The Genesis account tells us only briefly of a rather mysterious figure, Melchizedek, king of Salem and priest of God Most High (Gen. 14:17-24). But in the New Testament book of Hebrews, the writer makes much of the fact that Abraham, from whom the nation of Israel would descend, offered tithes to this man. Hebrews contends that the high priesthood of Jesus is based on the priesthood of Melchizedek, of whom we know little, and not Aaron of the tribe of Levi, of whom we know much.
Jesus is our Savior and He is our Priest.
God’s people have had priests before and even we, as Christians, are priests (2 Peter 2:9).
But Jesus is different (of course!).
His priesthood is paradoxical–you know, a seeming contradiction that provides depth and breadth of meaning.

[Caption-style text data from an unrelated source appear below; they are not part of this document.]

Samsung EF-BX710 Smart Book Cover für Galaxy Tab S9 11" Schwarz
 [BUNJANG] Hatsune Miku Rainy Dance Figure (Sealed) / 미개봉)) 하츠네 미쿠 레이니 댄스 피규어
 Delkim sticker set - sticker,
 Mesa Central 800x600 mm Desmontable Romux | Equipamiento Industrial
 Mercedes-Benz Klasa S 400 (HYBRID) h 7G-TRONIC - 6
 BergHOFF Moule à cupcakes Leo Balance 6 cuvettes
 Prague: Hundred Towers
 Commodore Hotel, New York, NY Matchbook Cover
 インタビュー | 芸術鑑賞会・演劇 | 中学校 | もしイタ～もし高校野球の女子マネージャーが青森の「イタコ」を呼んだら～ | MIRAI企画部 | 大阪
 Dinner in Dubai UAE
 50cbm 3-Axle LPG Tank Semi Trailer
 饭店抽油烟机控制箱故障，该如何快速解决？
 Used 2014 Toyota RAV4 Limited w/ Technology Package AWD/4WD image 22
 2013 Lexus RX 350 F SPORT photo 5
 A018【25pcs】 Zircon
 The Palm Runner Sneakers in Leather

On the one hand He is just like us. “For we do not have a high priest who is unable to sympathize with our weaknesses, but one who in every respect has been tempted as we are, yet without sin” (Heb. 4:15).
On the other hand, He’s nothing like us. “For it was indeed fitting that we should have such a high priest, holy, innocent, unstained, separated from sinners, and exalted above the heavens” (Heb. 7:26).
We need a Savior. We need a priest.
And in the same way that only Jesus could be our Savior, only He can be the Priest we need.
“But he holds his priesthood permanently, because he continues forever. Consequently, he is able to save to the uttermost those who draw near to God through him, since he always lives to make intercession for them” (Heb. 7:24-25).